本发明实施例提供的检测慢盘的方法,在选取多个第二延时时,可以选取与第一区间对应的N个第二延时,即采用N个第二延时的平均值作为区间平均延时。当然,也可以选取N个第二延时中的部分第二延时。具体的,由于在实际应用中,采样的数据通常都会存在“突然上升”的情况,因此为了保证检测慢盘的准确度和灵敏度均衡,通常优选的可以选取N个第二延时中的前2/N个第二延时。具体的,可根据实际检测需求进行设定,本发明不作限定。
本发明实施例提供的检测慢盘的方法中,与选取N个第二延时计算区间平均延时相比,通过在与第一区间对应的N个第二延时中选取前M个第二延时计算区间平均延时,能够保证计算的第一延时与区间平均延时的比值,即第一比值较大,从而使得计算的多个第一比值的平均值就越大,这样可以在保证检测慢盘的准确度的情况下,适当地提高检测慢盘的灵敏度,进而达到检测慢盘的准确度和灵敏度之间的均衡。
实施例三
基于上述各实施例,本发明实施例提供一种检测慢盘的方法,该方法应用于多个硬盘的场景,检测节点针对第一硬盘执行该方法,第一硬盘为多个硬盘中的其中一个硬盘。

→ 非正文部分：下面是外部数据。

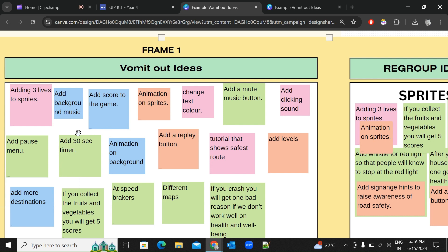A few days ago, I saw some of you putting 'adding levels' as one idea and 'each level gets harder' as another. Let me explain why the second idea is not accepted — when you create levels, it's obviously going to get harder each level. That is equivalent to one idea only.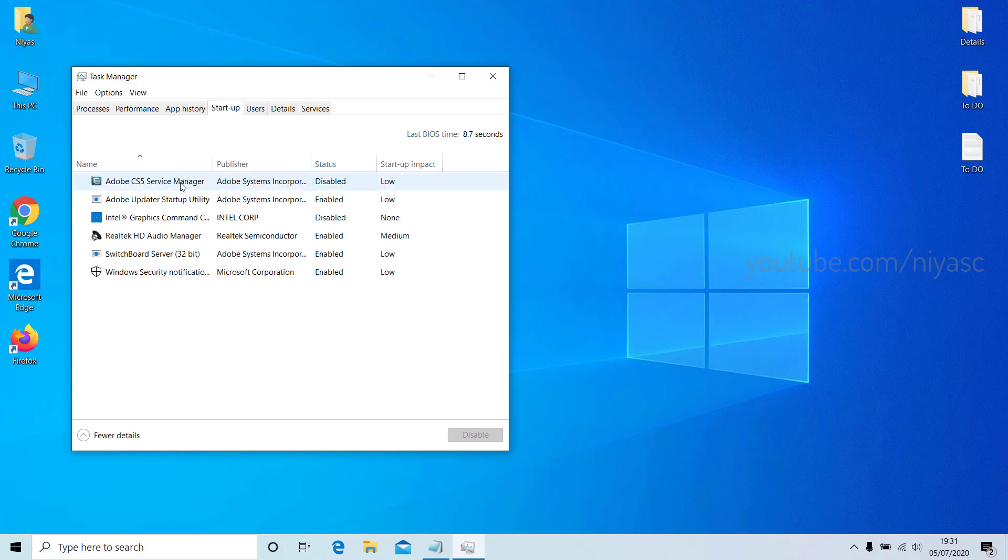Select the app you want to change, then select Enable to run it at startup or Disable so it doesn't run.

如图5所示,本发明实施例还提供一种检测慢盘的方法,该方法包括:
S201、检测节点获取与第一硬盘对应的第一比值平均值。
基于上述实施例一和实施例二的描述,检测节点通过针对第一硬盘执行上述实施例中如图2所示的各个步骤中除S111之外的其他步骤(包括S10中的S100-S102以及S11中的S110);或者执行上述实施例中如图3所示的各个步骤中除S111之外的其他步骤(包括S10中的S100-S105,或S10中的S100-S101、S103-S104和S106, 以及S11中的S110);或者执行上述实施例中如图4所示的实施例中除S111之外的其他步骤(包括S10中的S100-S101、S107和S102a,以及S11中的S110),获取与第一硬盘对应的第一比值平均值。
S202、检测节点获取与多个硬盘中除第一硬盘外的其他硬盘一一对应的多个第一比值平均值。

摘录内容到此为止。